In the same suit, Jay and Cushing maintained that the United States cannot be sued, a dictum since followed, though the Constitution gives jurisdiction to the courts where the United States are a party.

At this time all the States were greatly indebted and many suits were instituted against them, the United States Courts maintaining their jurisdiction over the States. The alarm was general, and to quiet the apprehension that was so extensively entertained, an amendment, taking from the United States judicial power in suits against a State, was adopted in Congress and afterwards ratified by the State Legislatures in 1798. That its motive was not to maintain the sovereignty of a State from the degradation supposed to attend a compulsory appearance before the tribunal of the nation may be inferred from the terms of the amendment. It left jurisdiction to the United States of controversies to which the United States shall be a party, of controversies between two or more States, between citizens of different States, between citizens of the same State claiming under grants of different States.[61]

Early in our history, in the second administration of Washington, a formidable, armed, organized resistance was made to the enforcement of the excise laws of the General Government in the western portion of Pennsylvania, which extended into a part of Virginia. It was computed that there were sixteen thousand men capable of bearing arms in the district in insurrection. Washington called out the militia of several of the States and, as Commander-in-chief, suppressed the revolt. The march of the troops was fatiguing and long, late in the fall, in rain and storms, which caused much suffering and, in the end, a good many deaths. The insurrection was crushed by the power of the General Government with promptness and vigor, much to the satisfaction of Washington and Hamilton then Secretary of the Treasury; it strengthened the government and the administration. Of the prisoners tried before the United States Court at Philadelphia two were found guilty of treason, who from some palliating circumstances were ultimately pardoned by the President.[62]

We have seen what were the opinions of the nature of the new government held by Hamilton, Mason, and Clinton, three of the persons Mr. Lodge named. There can be no doubt what Washington’s was. No one knew better than Washington, what a miserable condition the States, then petty in population and poor in resources, would be without a strong, indissoluble Union. Only one of the States, Virginia, had over half a million of inhabitants, nearly half slaves; two had about sixty thousand.

Washington, long before, on the disbanding of the army in 1783, wrote to the governors of the States that, according to the policy the States should adopt, depended whether the revolution was a blessing; and he put “first” among the essential requisites “an indissoluble union of the States under one federal head.”[63] In his address as president of the convention submitting the Constitution to the Congress of the States, he said: “In all our deliberations on this subject we kept steadily in our view that which appeared to us the greatest interest of every true American, the consolidation of the Union, in which is involved our prosperity, felicity, safety, perhaps our national existence.” In his farewell address, as President, to the people of the United States, in no less emphatic terms, he declared the importance and the success of the Union. He said: “The unity of Government, which constitutes you one people, is also now dear to you; it is justly so, for it is a main pillar in the edifice of your real independence—the support of your tranquillity at home, your peace abroad; of your safety; of your prosperity; of that very liberty which you so highly prize.”[64]

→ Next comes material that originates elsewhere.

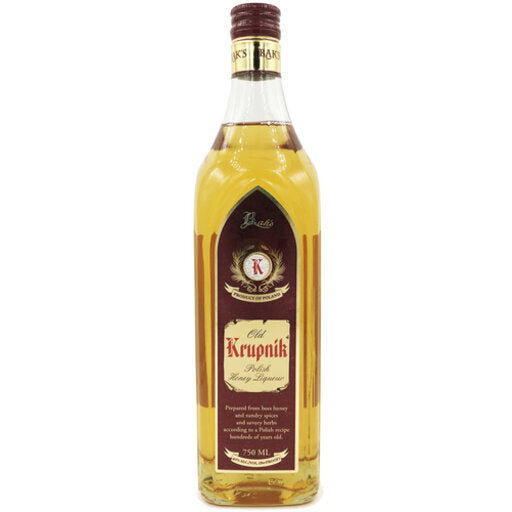 Bak's Honey Liqueur
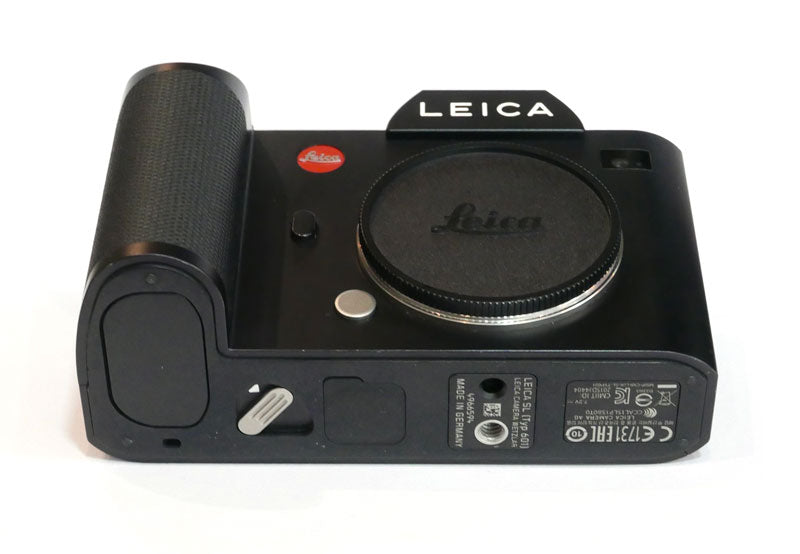 Leica SL complet en boîte avec 2ème batterie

We have before stated, that at the institution of our government there was a great fear on the part of a portion of the people of its consolidation and the extension of its granted powers over those reserved to the States and people. It was not however until the administration of John Adams, about ten years after the government had gone into operation, that the power of a State to pass judgment on the validity of the acts of the United States was suggested. Those who had elected Adams as President called themselves Federalists, and, as is natural in those controlling the government, were in favor of a liberal construction of its powers. The name federal, taking its Latin derivation, refers to a bond uniting states; that bond may be, however, that of a confederacy or of a nation. Perhaps it was a misnomer for the party in favor of a broad national construction of the Constitution. The name has come into use, however, as descriptive of our government; it is very generally called the Federal Government. The proposed uniting of states, like the British colonies in the Pacific, is spoken of as federal. Indeed there is no substantial objection to terming any sort of government made by a constitution or agreement federal.

The party, at that time of our history, in opposition to the Federal, and who were in favor of a strict construction of the Constitution, called themselves by the national name of Republicans. When, however, they came into power under Jefferson, they were no longer strict constructionists.